#### Dataset extract
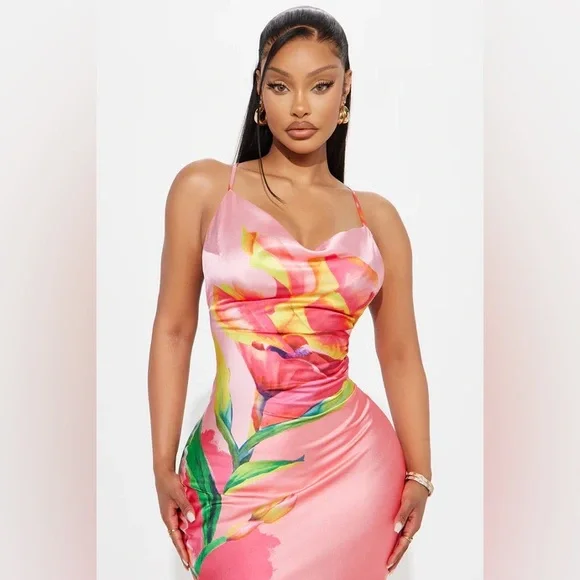 Fashion Nova Amora Floral Satin Maxi Dress - Coral/combo XS - Picture 3 of 3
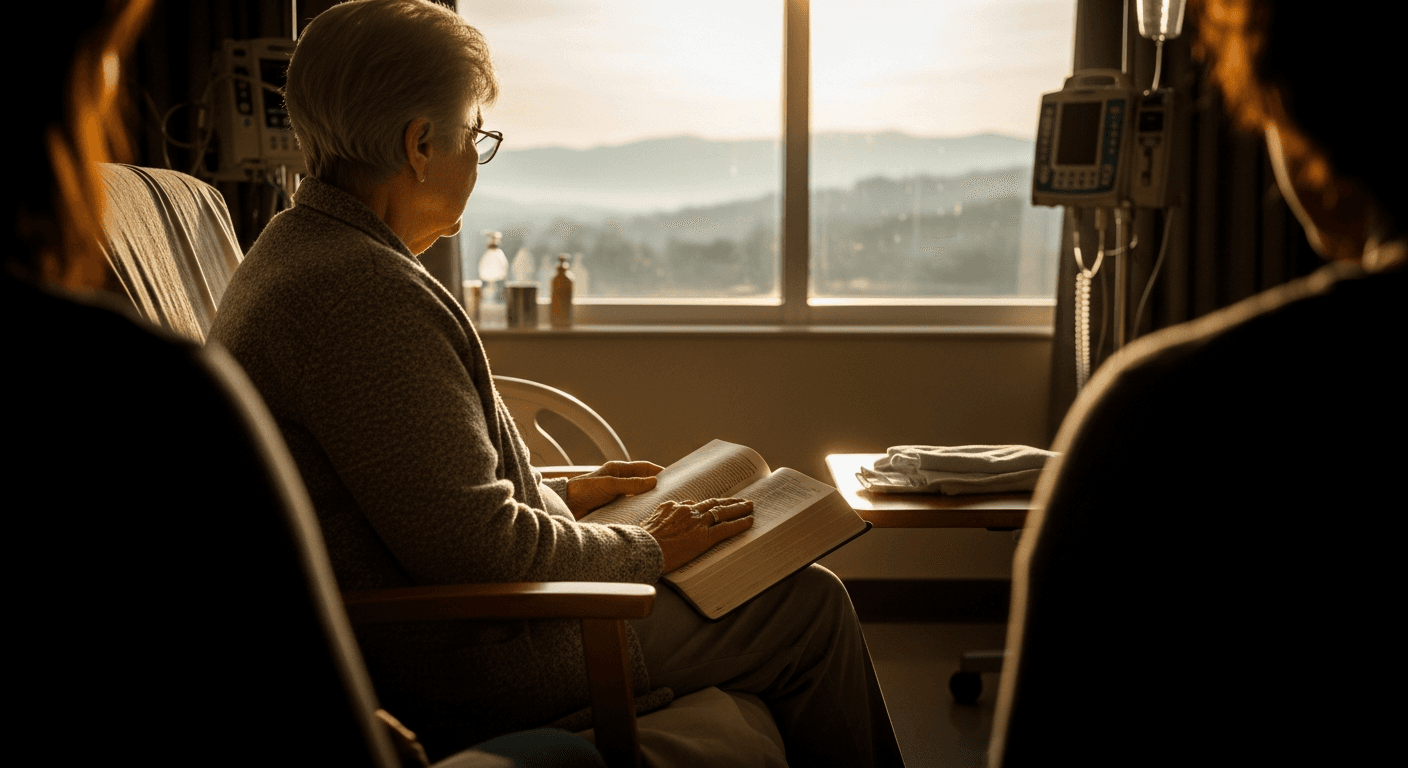 Elderly woman discovering faith at 72 in modern Asheville North Carolina home after health crisis leads to late in life conversion testimony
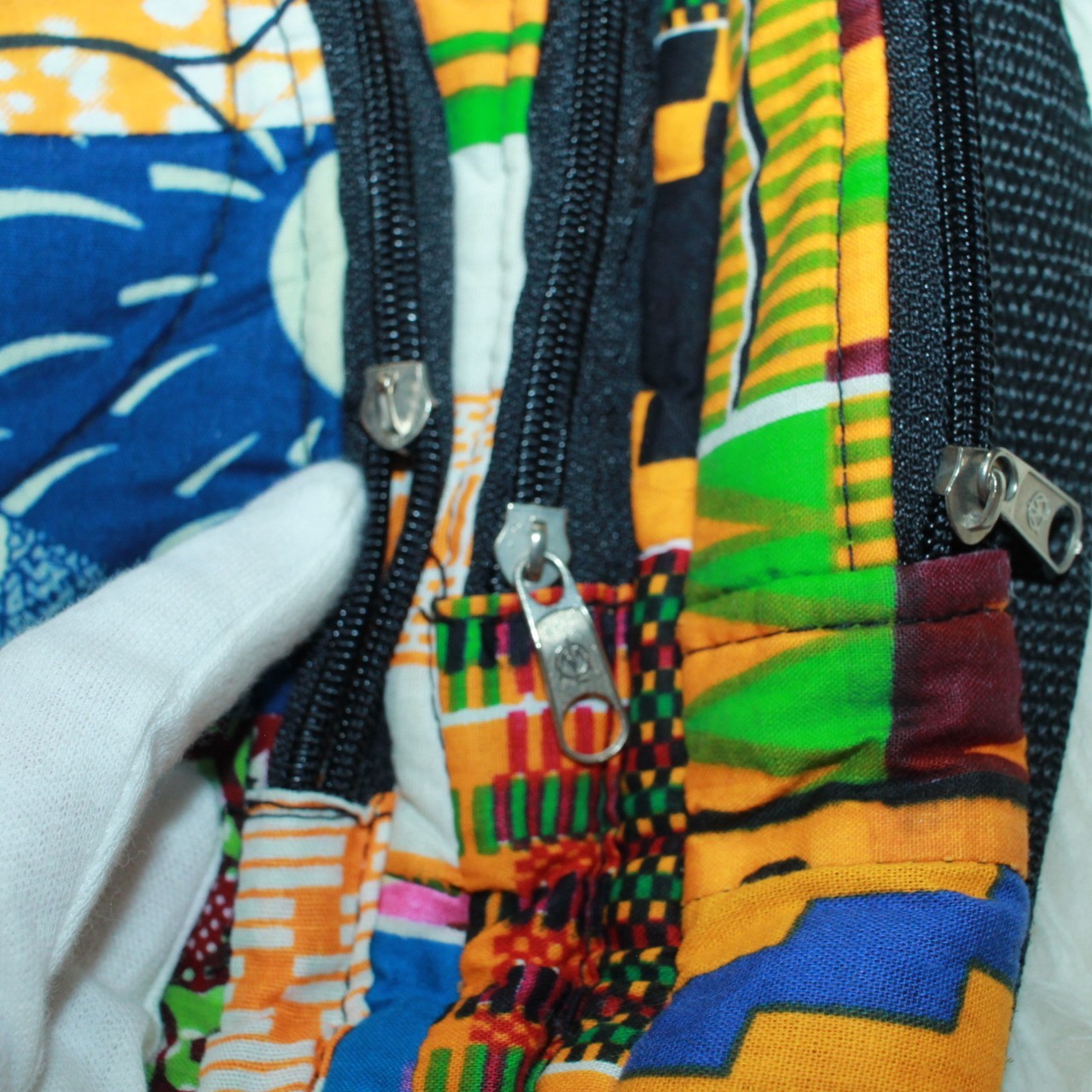 African Print Handmade Lightweight Cotton 3 Section Book Bag Rucksack Backpack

#### Problem to solve
When copying the material, leave every image behind and keep each line verbatim.

#### Expected output
 Fashion Nova Amora Floral Satin Maxi Dress - Coral/combo XS - Picture 3 of 3
 Elderly woman discovering faith at 72 in modern Asheville North Carolina home after health crisis leads to late in life conversion testimony
 African Print Handmade Lightweight Cotton 3 Section Book Bag Rucksack Backpack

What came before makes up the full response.